Il existe également des difficultés dans le fonctionnement institutionnel des structures du Code rural : les effectifs sont parfois insuffisants, notamment au niveau des secrétariats permanents, ou insuffisamment formés pour remplir leurs différentes missions. L’aspect financier est aussi un enjeu important et l’appui des différents partenaires techniques et financiers reste essentiel au bon déroulement du processus. Le respect de la collégialité dans le fonctionnement des institutions du Code rural est également fondamental. Enfin, sur le plan juridique, plusieurs textes d’application n’ont toujours pas été adoptés à ce jour, rendant difficile la mise en oeuvre de certains textes législatifs. De plus, dans le contexte de décentralisation naissant du pays, certains textes régissant la gestion foncière et le fonctionnement des collectivités territoriales peuvent aujourd’hui apparaître incohérents.

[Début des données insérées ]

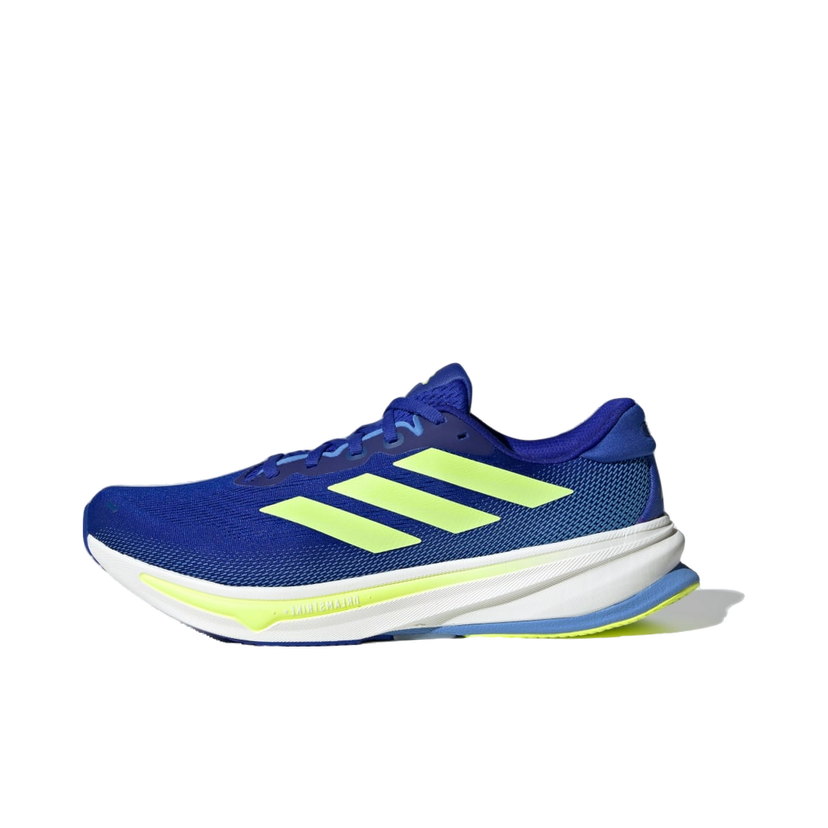 Tenisice i cipele adidas Performance Supernova Rise 2 Plava | JQ7704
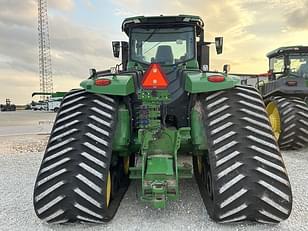 Main image John Deere 9RX 640 4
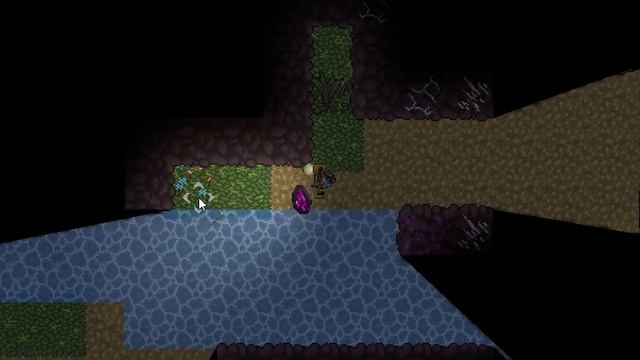 Пауки? чушь! какая кто боятся их? |Space Station 14| МЁРТВЫЙ КО? смотреть онлайн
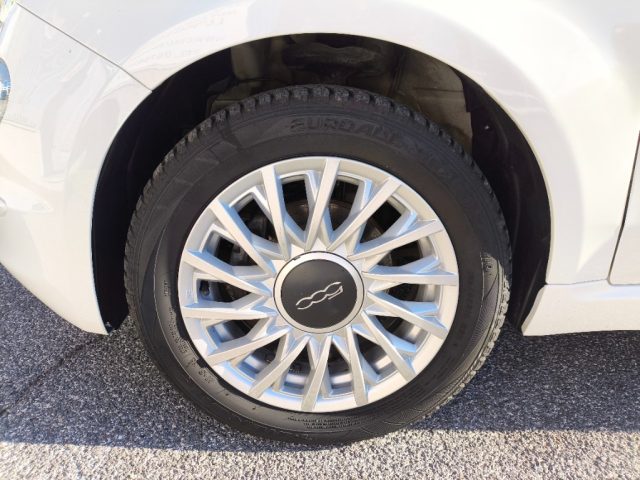 FIAT 500 usata 14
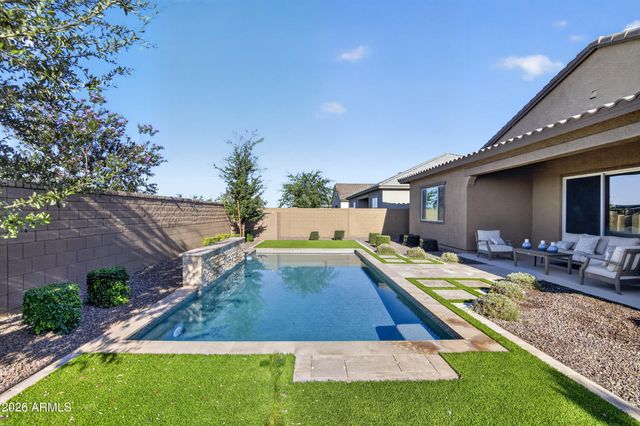 2997 E BARREL RACE Road, San Tan Valley, AZ 85140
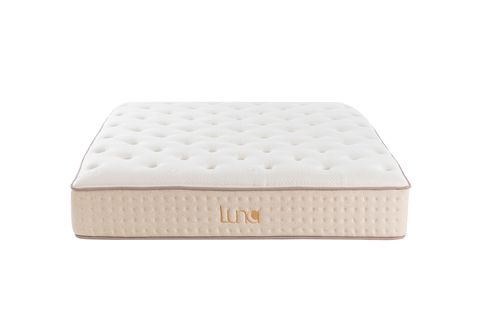 LUNA BY VİVENSE ORGANIC ÇİFT KİŞİLİK YATAK 180X200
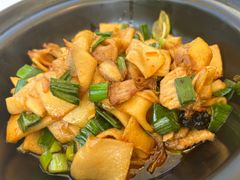 -百味馆·粤菜·湛江菜(后海花园店)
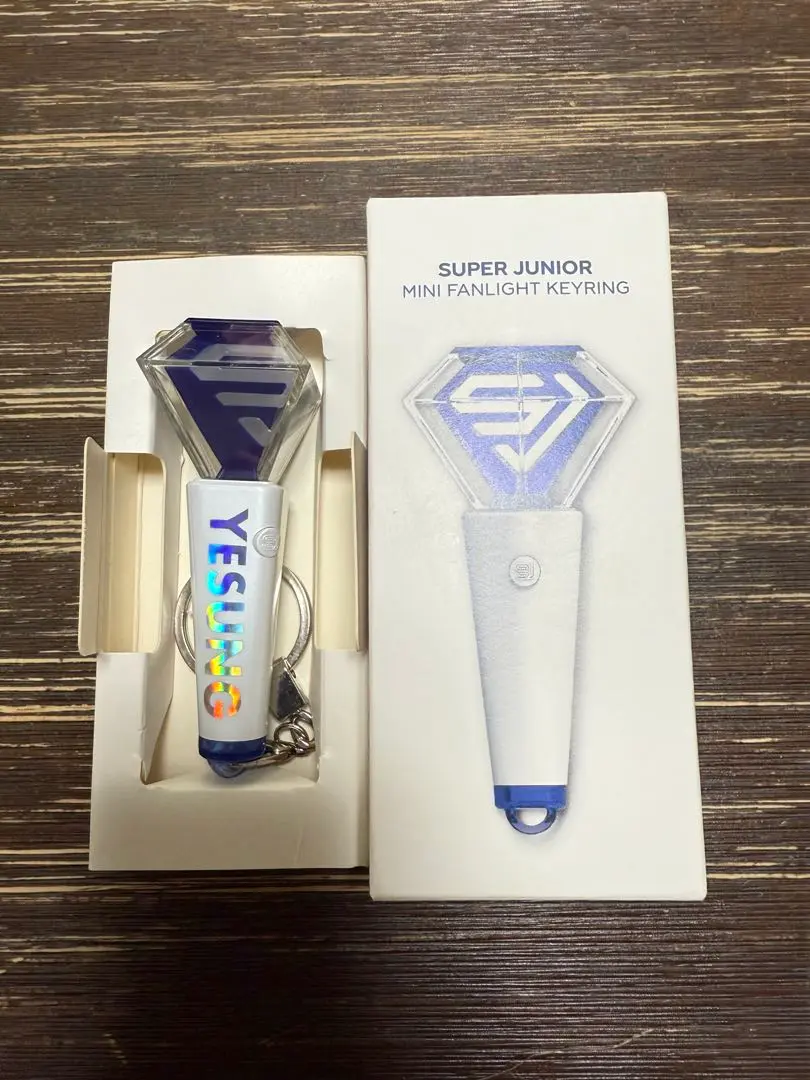 2025年最新】super junior ミニペンライトの人気アイテム - メルカリ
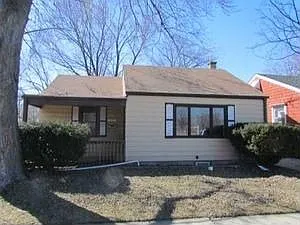 4458 Oak Park Ave photo 1
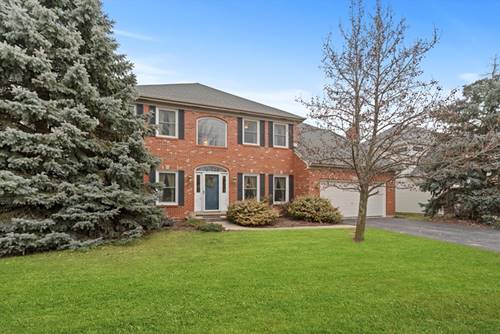 4915 Clearwater, Naperville, IL 60564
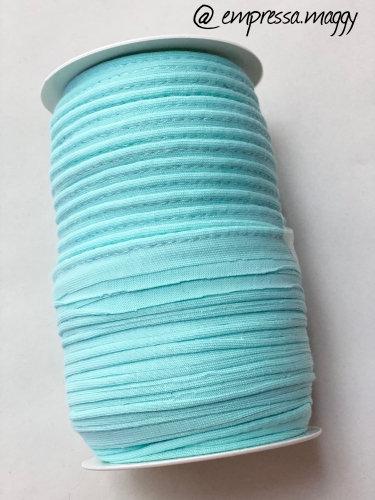 Paspel Jersey - Aqua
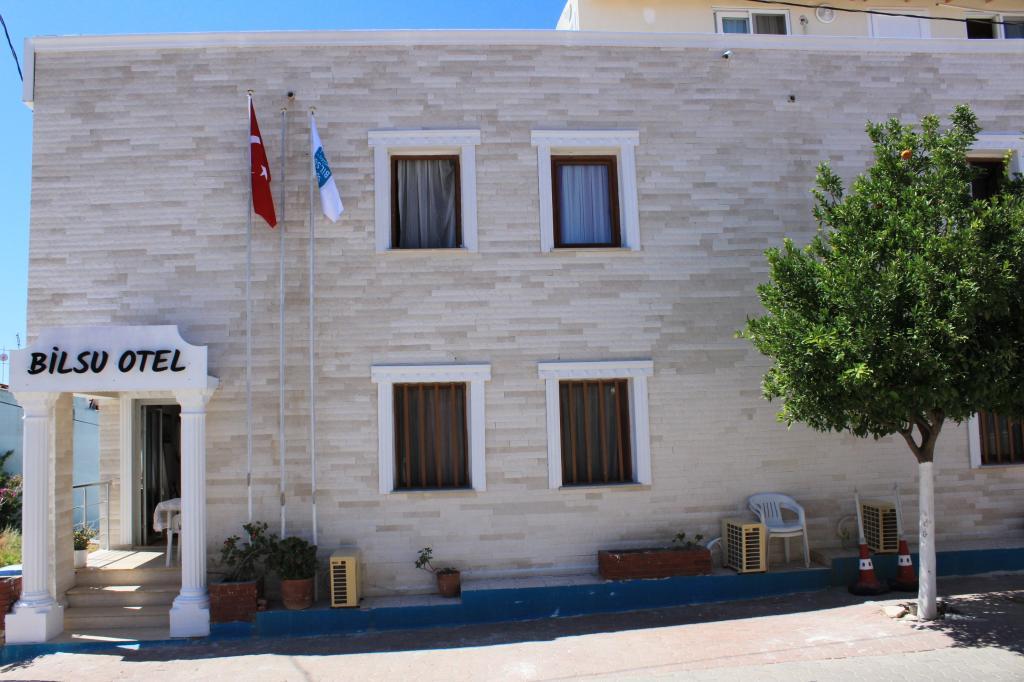 Bilsu Çeşme Otel — 2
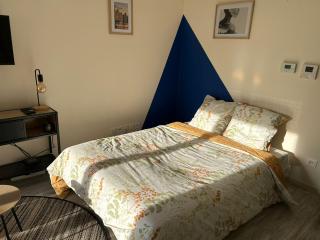Studio cosy proche Disneyland - Ozoir-la-Ferrière - 2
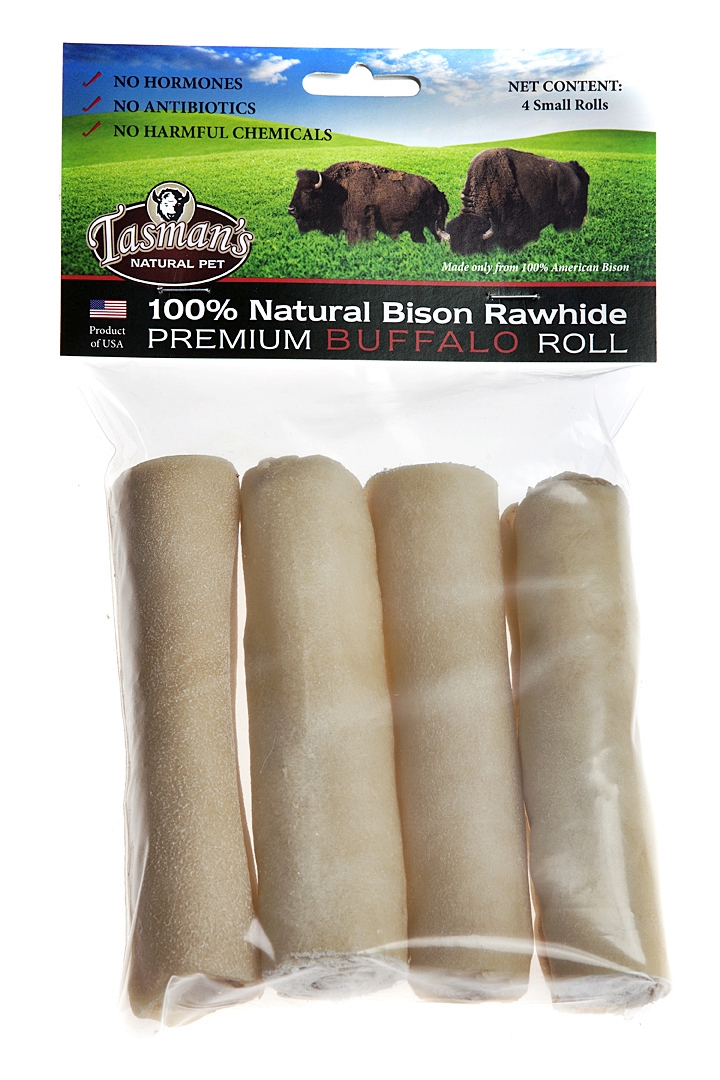 Buffalo Roll Buffalo Roll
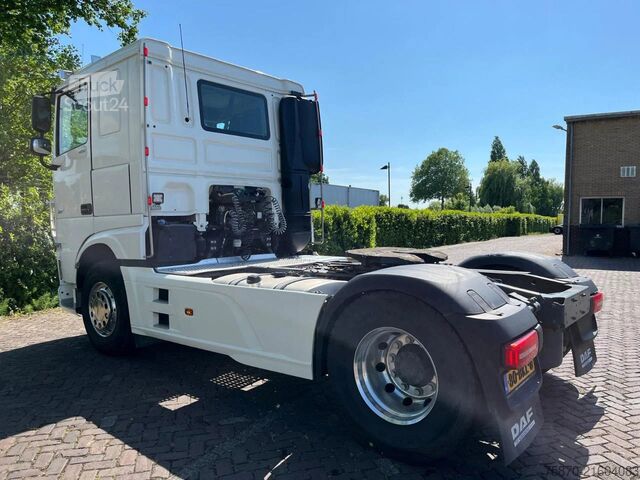 Standard-SZM DAF XF 450 FT COMFORT CAB 9TN VOORAS EURO 6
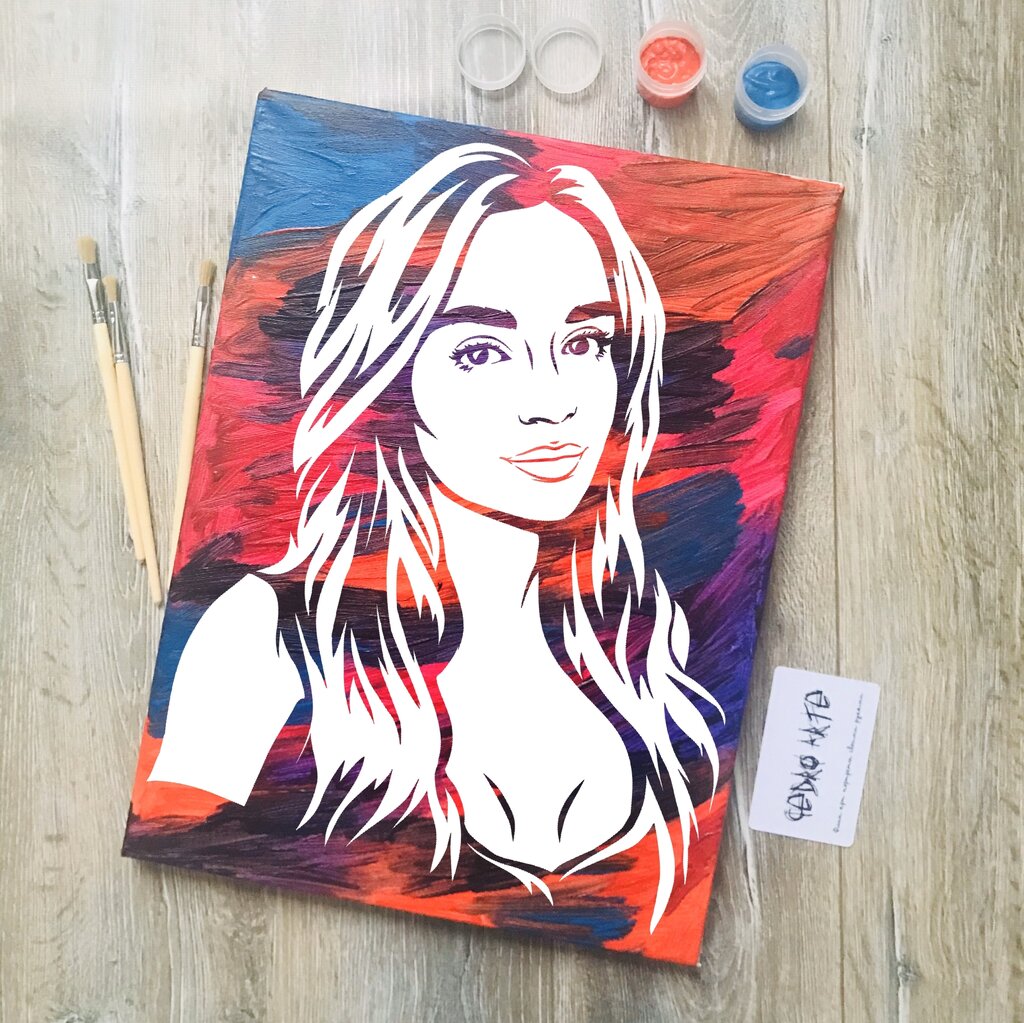 Art workshop Cedro Arte, Moscow, photo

Un processus participatif à consolider. Le Code rural du Niger est aujourd’hui dans une phase de consolidation. Le renforcement des capacités des structures mises en place doit se poursuivre, notamment par l’organisation de séances de formation sur les principes fondamentaux et la vulgarisation des textes. L’un des points forts du processus est de créer, à travers les commissions foncières, des espaces de parole et de décision transparente au niveau local sur les questions foncières, associant la chefferie coutumière. Les populations s’approprient la gestion foncière locale et trouvent par elles-mêmes des solutions à leurs problèmes fonciers. Les commissions foncières sont un espace démocratique et d’action très pertinent. Elles arrivent ainsi à réduire les risques de conflits d’une manière efficace. Le Code rural devra veiller à renforcer leur caractère participatif et collégial.
La Cofob de Kouré
Le village de Kouré, à une soixantaine de kilomètres de Niamey, est connu pour avoir une faune importante de girafes en liberté, ce qui n’est pas sans poser parfois des problèmes aux agriculteurs. La Commission foncière de base (Cofob) de Kouré a été mise en place en 2005. Elle a tenu différentes séances de sensibilisation et d’information sur le Code rural auprès des populations des villages qui lui sont rattachés. Pour sécuriser les champs des particuliers et leurs relations avec les girafes, une vingtaine d’actes (vente, gage coutumier, détention coutumière, donation) a été délivrée, après enquête, pour une somme allant de 2500 à 3000 FCFA. Dans le cadre de la sécurisation des ressources partagées du village, notamment le plateau de Kouré qui constitue une aire importante de pâturage et une zone de séjour pour les animaux domestiques (bovins, caprins) et sauvages (girafes) pendant l’hivernage, la Cofob a effectué plusieurs missions de contrôle au cours de la période 2005-2009. Cela a consisté principalement à vérifier que la vocation pastorale de cet espace était bien respectée, et que des champs n’avaient pas été mis en place sur cette zone réservée à l’élevage.